In order to minimize the latency introduced by establishing new connections, the LinkedIn developers decided the application should establish as few connections as possible with the server. This led them to a model where the application is essentially piping all of its data through a single connection that is held open for as long as it is needed.

The client application connects to a system on the backend that functions as an aggregator, pulling together all of the data that it needs from various components of the backend stack and combining it all into a unified stream of data that can be piped down to the client application through a single open connection.

To build this streamlined middle tier, the LinkedIn developers wanted to use a lightweight event-driven framework. They also wanted an environment that would be well-suited to handle the aggregation and string interpolation capabilities required for the service. They tested several candidates, including Ruby with EventMachine, Python with Twisted, and the JavaScript-based Node.js framework.

They found that Node.js, which is based on Google’s V8 JavaScript engine, offered substantially better performance and lower memory overhead than the other options being considered. Prasad said that Node.js “blew away” the performance of the alternatives, running as much as 20 times faster in some scenarios.

Another advantage of adopting Node.js for the project is that it allowed LinkedIn’s JavaScript engineers to put their existing expertise to use on the backend. Prasad said the company was able to combine its frontend and backend mobile teams into a single unit. The event-driven nature of frontend development made it easier for the user interface programmers to understand the way that Node.js works.

Prasad was practically giddy when he told me just how much the transition from Rails to Node.js improves the scalability of LinkedIn’s mobile backend infrastructure. Impressively, the company was able to move from 30 servers down to three, while still having enough headroom to handle roughly ten times their current level of resource utilization.

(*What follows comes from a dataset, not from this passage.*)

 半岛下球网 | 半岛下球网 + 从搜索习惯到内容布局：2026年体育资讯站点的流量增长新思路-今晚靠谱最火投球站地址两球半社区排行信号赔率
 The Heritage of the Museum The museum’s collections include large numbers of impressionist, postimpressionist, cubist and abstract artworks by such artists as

Firefighting scalability problems on the old infrastructure had been a major distraction, one that forced the company’s engineers to spend a lot of time just keeping the system running. With that problem defeated, the engineers were free to spend more time focusing on user-facing product improvements.

Perfection is elusive

The mobile engineers at LinkedIn have done some impressive work to make the application fast, responsive, easy to use, and aesthetically pleasing. But reliability, the third item in LinkedIn’s taxonomy of mobile priorities, remains an issue for some users. LinkedIn’s iOS application currently has an average rating of two-and-a-half stars out of five, with an average of three stars across all versions. The Android application fares a bit better, with 3.7 stars out of five. LinkedIn rolls out routine updates as it continues to improve its software.

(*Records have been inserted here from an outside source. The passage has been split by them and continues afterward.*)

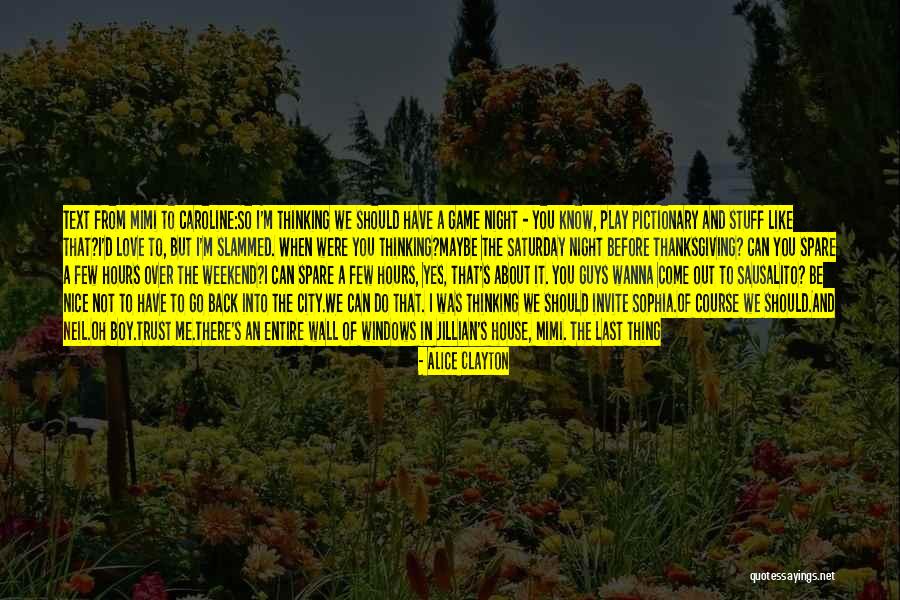 The City You Love Quotes By Alice Clayton The City You Love Quotes By Alice Clayton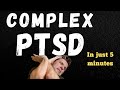 Complex PTSD In 5 Minutes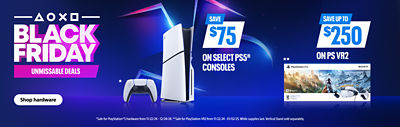 "alt=""Black Friday Unmissable deals. Save $75 on select PS5® Consoles. Save up to $250 on PS VR2​. *Sale for PlayStation®5 hardware from 11/22/24 – 12/24/24.  **Sale for PlayStation VR2 from 11/22/24 - 01/02/25.  While supplies last. Vertical Stand sold separately. Shop hardware"""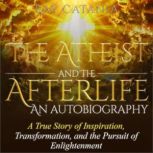 The Atheist and the Afterlife - an Autobiography, Ray Catania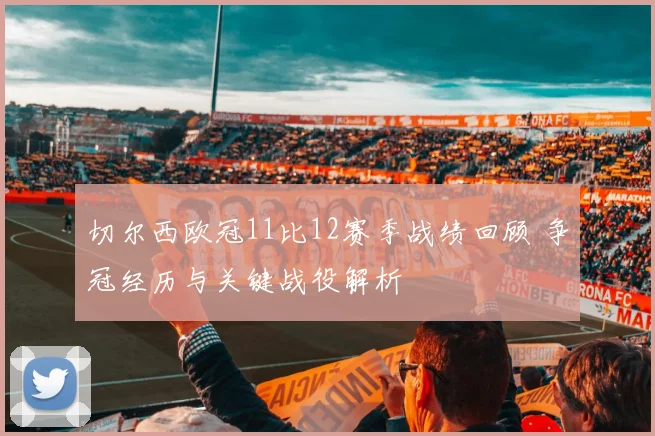切尔西欧冠11比12赛季战绩回顾 争冠经历与关键战役解析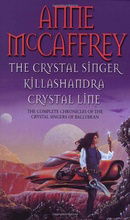 Crystal Singer Omnibus: The Crystal Singer; Killashandra; Crystal Line (The Complete Chronicles of t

LinkedIn’s mobile application has also been the subject of privacy concerns. It faced scrutiny earlier this year when security researchers discovered that it was programmed to send user calendars back to the LinkedIn mothership. The company responded by tweaking this behavior and attempting to make it more transparent to the end-user.

But ultimately, building a mobile experience for a popular social network is not an easy task. Whatever shortcomings currently exist are being monitored, and could potentially be addressed in the same way this redesign built on past feedback. Prasad’s description of the underlying technical details not only offers a glimpse into the challenges and complexity of this problem space, but he provides unique insight. When you experience LinkedIn mobile now, you're experiencing the company’s engineering culture and the philosophy that guided its design and development process.